**TASK DIRECTIONS:** The answer must give back every line of the data exactly, with no pictures.

**THE INPUT:**
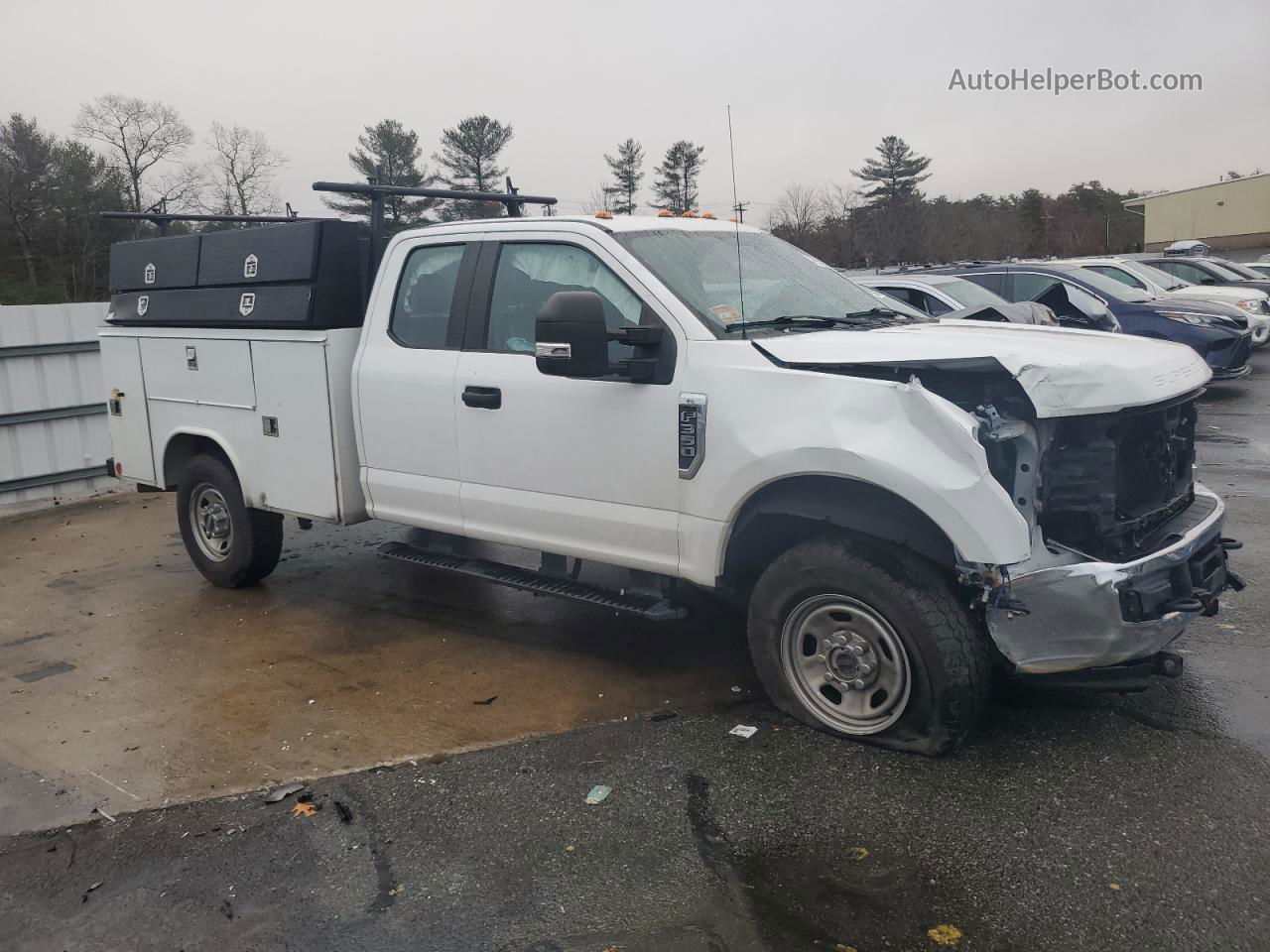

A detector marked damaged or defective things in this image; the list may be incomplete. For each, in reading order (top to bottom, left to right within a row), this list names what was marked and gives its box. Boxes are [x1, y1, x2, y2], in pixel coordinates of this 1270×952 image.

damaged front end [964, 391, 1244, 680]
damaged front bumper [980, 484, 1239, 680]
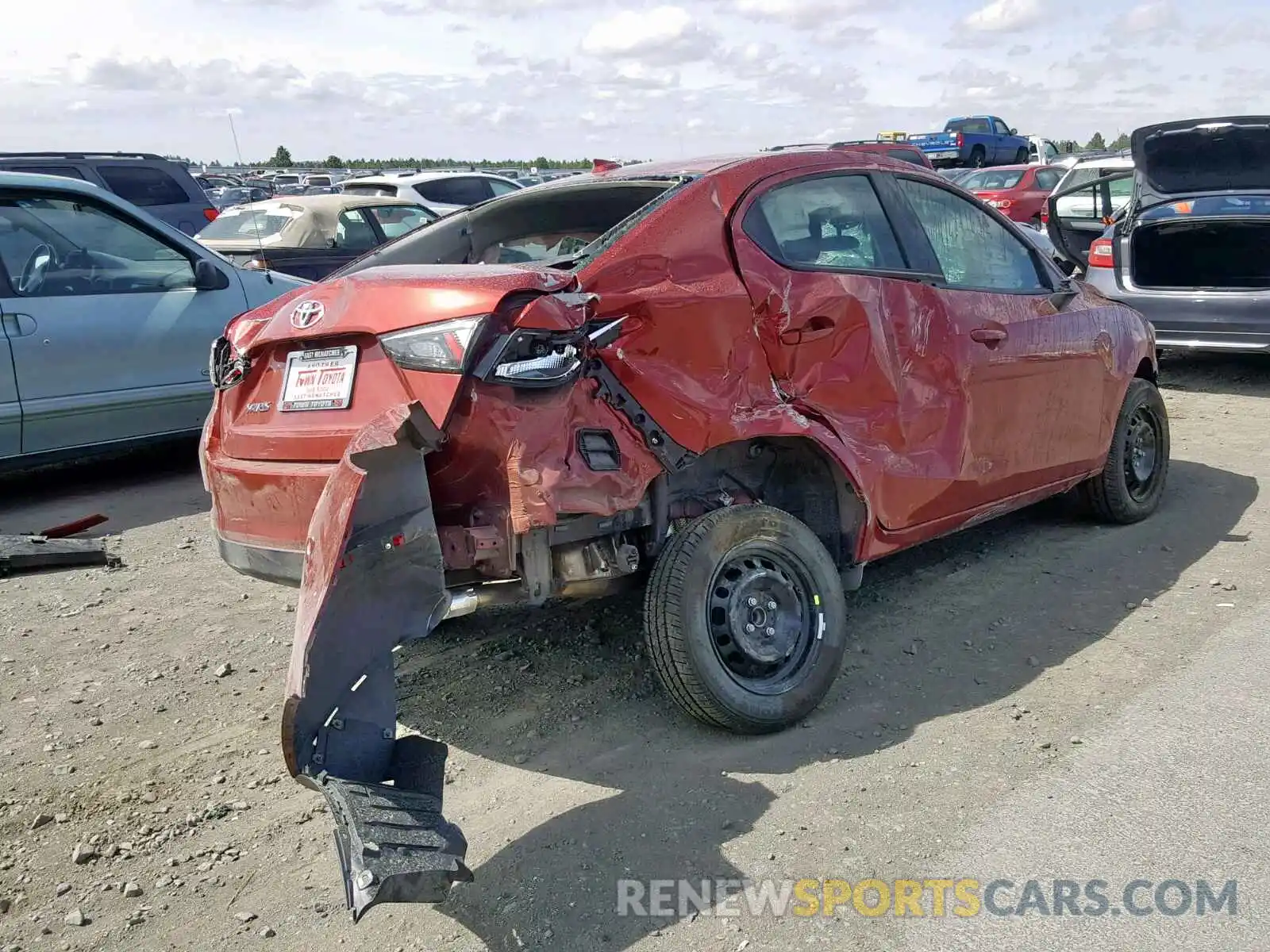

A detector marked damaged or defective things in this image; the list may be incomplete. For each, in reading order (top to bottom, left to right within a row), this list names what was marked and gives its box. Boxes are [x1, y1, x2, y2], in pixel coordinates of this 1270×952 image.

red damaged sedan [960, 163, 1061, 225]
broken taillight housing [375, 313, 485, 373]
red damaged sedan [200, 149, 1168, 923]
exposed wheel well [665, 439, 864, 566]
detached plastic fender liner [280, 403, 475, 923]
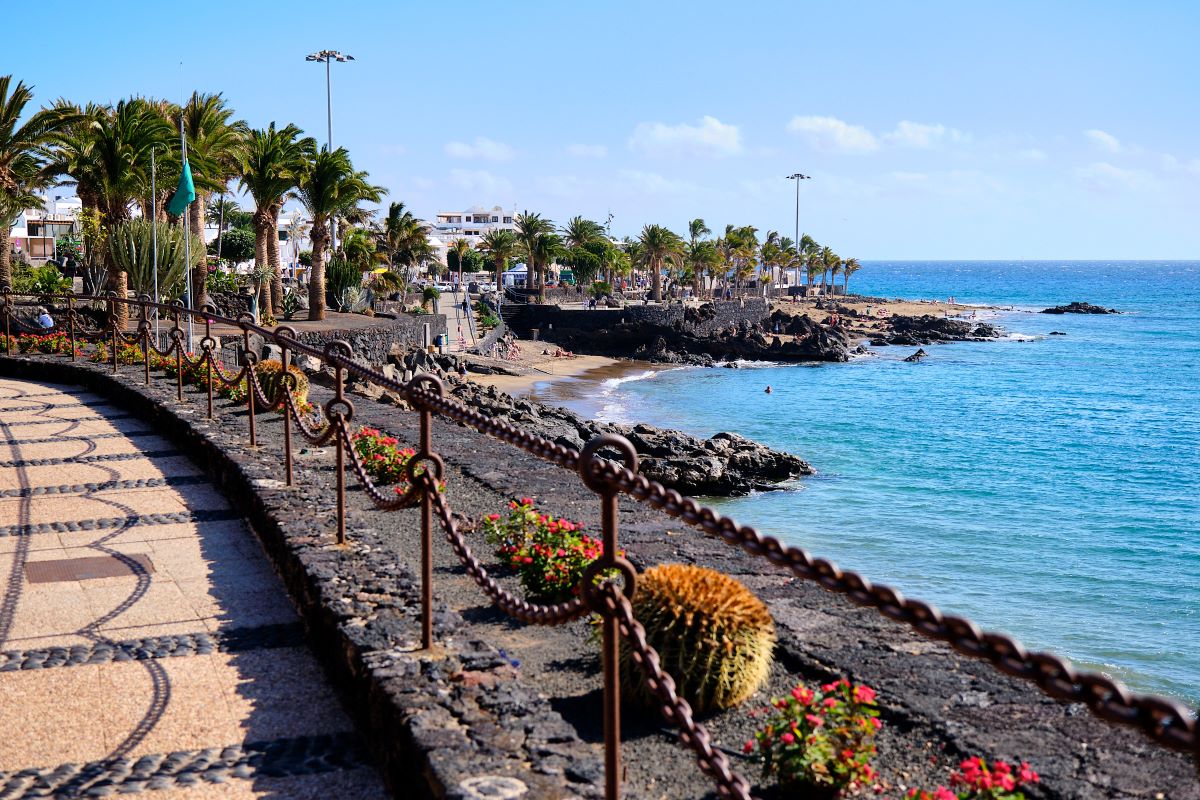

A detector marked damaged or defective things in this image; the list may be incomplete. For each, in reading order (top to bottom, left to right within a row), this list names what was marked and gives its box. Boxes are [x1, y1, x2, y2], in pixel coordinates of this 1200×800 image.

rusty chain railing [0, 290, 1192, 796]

**ANSWER TO THE EXERCISE:**
A detector marked damaged or defective things in this image; the list may be incomplete. For each, in reading order (top to bottom, left to right within a row), this list names what was marked and gives its box. Boxes are [x1, y1, x2, y2], in pixel coordinates of this 1270×952 image.

damaged front end [964, 391, 1244, 680]
damaged front bumper [980, 484, 1239, 680]

A detector marked damaged or defective things in this image; the list may be incomplete. For each, in reading order (top to bottom, left to right within a row), this list names what was marked and gives its box. Boxes are [x1, y1, x2, y2], in pixel coordinates of this 1270×952 image.

red damaged sedan [960, 163, 1061, 225]
broken taillight housing [375, 313, 485, 373]
red damaged sedan [200, 149, 1168, 923]
exposed wheel well [665, 439, 864, 566]
detached plastic fender liner [280, 403, 475, 923]

A detector marked damaged or defective things in this image; the list may be incomplete. For each, in reading order (top to bottom, left to right within a row), this list names what was marked and gives its box. Boxes are [x1, y1, x2, y2], in pixel coordinates of this 1200×800 image.

rusty chain railing [0, 290, 1192, 796]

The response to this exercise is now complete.